Crawled caption data:
**********
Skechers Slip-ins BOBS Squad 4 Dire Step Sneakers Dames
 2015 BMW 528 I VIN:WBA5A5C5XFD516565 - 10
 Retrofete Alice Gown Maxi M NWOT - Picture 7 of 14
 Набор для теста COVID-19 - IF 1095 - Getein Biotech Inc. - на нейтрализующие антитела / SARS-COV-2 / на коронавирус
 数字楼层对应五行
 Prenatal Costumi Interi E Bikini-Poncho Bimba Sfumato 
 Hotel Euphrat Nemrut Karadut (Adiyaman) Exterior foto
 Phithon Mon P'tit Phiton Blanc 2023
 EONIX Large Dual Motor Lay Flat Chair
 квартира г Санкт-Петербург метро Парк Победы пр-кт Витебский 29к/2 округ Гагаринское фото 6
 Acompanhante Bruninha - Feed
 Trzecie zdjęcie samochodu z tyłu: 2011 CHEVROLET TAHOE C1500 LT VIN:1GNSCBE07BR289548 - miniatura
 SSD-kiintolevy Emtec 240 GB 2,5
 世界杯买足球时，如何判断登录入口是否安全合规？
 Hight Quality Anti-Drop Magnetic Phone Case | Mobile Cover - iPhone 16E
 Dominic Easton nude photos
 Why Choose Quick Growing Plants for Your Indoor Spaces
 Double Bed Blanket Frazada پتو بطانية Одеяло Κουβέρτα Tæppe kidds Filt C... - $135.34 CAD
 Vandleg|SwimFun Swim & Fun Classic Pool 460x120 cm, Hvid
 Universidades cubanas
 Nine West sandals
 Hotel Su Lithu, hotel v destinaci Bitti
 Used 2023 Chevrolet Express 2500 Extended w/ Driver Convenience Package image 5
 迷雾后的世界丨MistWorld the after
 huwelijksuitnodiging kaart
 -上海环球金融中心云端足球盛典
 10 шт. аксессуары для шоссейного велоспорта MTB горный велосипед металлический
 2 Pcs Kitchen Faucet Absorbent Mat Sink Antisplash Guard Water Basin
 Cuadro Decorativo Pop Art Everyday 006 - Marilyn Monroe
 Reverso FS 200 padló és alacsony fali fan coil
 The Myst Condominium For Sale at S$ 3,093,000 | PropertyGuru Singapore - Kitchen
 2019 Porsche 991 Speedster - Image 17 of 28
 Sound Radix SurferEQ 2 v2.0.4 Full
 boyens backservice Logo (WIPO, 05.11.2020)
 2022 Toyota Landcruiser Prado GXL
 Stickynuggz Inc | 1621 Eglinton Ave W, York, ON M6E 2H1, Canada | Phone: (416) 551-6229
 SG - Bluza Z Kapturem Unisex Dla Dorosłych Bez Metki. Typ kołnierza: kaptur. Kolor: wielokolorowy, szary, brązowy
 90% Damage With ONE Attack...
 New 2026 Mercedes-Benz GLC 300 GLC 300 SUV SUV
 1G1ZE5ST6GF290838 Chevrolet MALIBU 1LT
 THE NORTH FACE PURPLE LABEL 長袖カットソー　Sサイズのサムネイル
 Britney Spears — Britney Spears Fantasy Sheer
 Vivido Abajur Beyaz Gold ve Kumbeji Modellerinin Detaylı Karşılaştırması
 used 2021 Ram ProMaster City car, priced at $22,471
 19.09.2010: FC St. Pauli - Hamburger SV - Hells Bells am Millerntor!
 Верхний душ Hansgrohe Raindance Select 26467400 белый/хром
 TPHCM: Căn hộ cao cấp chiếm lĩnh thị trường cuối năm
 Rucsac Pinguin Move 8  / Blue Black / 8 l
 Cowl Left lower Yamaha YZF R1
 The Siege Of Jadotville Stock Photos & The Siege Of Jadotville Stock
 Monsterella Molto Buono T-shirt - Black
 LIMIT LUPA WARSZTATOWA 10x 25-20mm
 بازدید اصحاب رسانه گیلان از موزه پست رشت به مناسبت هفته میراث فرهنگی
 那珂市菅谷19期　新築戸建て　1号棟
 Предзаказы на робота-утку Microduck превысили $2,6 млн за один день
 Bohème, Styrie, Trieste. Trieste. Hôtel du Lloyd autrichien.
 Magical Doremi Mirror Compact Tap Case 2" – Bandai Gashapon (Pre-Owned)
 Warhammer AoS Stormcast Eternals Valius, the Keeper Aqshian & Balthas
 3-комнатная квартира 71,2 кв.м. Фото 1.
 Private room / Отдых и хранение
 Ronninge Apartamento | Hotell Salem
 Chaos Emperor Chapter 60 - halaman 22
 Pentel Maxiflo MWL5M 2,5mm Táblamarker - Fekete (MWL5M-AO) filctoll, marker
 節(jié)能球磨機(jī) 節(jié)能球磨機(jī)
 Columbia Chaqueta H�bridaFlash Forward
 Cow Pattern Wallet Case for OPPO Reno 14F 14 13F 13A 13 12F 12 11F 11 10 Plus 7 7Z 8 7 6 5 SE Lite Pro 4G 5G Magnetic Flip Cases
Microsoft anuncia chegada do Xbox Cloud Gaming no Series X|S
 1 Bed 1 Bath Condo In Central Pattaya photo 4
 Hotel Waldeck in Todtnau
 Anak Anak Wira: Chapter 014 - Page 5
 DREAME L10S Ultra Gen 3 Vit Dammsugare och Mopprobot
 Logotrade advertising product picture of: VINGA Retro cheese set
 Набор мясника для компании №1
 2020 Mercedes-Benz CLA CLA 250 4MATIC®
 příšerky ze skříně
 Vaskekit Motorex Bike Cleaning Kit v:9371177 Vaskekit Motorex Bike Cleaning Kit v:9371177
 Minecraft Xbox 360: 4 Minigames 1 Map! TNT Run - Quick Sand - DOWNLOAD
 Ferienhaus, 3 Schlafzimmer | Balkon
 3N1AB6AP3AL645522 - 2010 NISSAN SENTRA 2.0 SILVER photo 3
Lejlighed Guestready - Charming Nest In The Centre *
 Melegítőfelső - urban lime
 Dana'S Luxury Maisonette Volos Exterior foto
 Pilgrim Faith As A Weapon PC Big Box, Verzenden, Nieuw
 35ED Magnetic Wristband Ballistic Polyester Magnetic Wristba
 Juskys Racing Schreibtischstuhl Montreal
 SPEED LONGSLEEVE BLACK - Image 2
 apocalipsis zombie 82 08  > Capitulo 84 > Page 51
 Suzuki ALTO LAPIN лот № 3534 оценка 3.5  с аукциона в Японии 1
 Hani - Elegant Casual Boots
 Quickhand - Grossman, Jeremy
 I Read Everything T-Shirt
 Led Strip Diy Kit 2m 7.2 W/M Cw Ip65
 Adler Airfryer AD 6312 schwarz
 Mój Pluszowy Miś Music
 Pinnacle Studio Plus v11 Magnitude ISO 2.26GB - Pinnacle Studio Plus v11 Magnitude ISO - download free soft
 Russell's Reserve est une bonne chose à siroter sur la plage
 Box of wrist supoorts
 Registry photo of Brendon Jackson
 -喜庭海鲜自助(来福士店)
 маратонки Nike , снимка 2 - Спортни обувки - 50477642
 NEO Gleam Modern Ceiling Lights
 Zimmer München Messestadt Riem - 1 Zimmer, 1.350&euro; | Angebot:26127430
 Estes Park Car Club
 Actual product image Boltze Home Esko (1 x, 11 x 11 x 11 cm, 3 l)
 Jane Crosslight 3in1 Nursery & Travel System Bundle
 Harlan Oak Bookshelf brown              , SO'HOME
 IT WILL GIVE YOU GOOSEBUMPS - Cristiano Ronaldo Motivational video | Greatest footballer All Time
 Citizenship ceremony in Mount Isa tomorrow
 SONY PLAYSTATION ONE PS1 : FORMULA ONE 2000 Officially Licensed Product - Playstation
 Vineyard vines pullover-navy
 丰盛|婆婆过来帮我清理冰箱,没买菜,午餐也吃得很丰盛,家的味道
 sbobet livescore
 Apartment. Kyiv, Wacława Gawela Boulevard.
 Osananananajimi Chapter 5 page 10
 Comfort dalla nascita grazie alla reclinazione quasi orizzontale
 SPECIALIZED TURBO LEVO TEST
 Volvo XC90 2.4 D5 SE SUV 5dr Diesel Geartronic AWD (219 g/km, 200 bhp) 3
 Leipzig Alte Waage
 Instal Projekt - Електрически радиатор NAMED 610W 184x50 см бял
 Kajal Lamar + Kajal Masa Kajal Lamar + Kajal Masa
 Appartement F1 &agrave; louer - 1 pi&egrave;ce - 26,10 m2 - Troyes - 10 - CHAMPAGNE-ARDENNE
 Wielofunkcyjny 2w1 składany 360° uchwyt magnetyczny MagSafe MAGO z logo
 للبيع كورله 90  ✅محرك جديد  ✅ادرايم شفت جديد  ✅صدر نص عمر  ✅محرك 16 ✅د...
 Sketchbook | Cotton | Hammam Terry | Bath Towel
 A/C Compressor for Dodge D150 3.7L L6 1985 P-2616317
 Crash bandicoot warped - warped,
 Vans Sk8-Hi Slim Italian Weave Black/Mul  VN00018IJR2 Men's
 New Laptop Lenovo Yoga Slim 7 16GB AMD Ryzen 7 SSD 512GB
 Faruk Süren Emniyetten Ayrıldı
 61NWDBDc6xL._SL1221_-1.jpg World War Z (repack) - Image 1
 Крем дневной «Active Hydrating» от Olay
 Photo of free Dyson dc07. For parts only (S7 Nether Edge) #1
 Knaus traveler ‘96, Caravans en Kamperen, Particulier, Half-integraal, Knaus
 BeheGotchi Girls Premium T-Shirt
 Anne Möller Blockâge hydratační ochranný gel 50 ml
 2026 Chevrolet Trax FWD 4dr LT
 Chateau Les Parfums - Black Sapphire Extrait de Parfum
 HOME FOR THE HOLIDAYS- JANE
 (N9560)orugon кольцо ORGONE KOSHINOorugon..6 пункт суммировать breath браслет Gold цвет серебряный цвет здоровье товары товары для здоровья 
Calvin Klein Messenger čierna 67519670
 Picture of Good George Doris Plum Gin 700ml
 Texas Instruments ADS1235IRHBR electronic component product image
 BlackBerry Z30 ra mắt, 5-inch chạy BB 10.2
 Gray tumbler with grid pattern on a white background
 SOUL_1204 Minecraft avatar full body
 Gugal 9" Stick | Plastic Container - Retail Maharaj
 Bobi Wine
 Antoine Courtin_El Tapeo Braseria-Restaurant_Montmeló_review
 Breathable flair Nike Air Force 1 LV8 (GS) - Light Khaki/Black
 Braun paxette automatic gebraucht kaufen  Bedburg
**********
▶ [AIM OF THE TASK]: Report each line of the data that includes the string "Nike".

▶ [WRITTEN REPLY]:
 маратонки Nike , снимка 2 - Спортни обувки - 50477642
 Breathable flair Nike Air Force 1 LV8 (GS) - Light Khaki/Black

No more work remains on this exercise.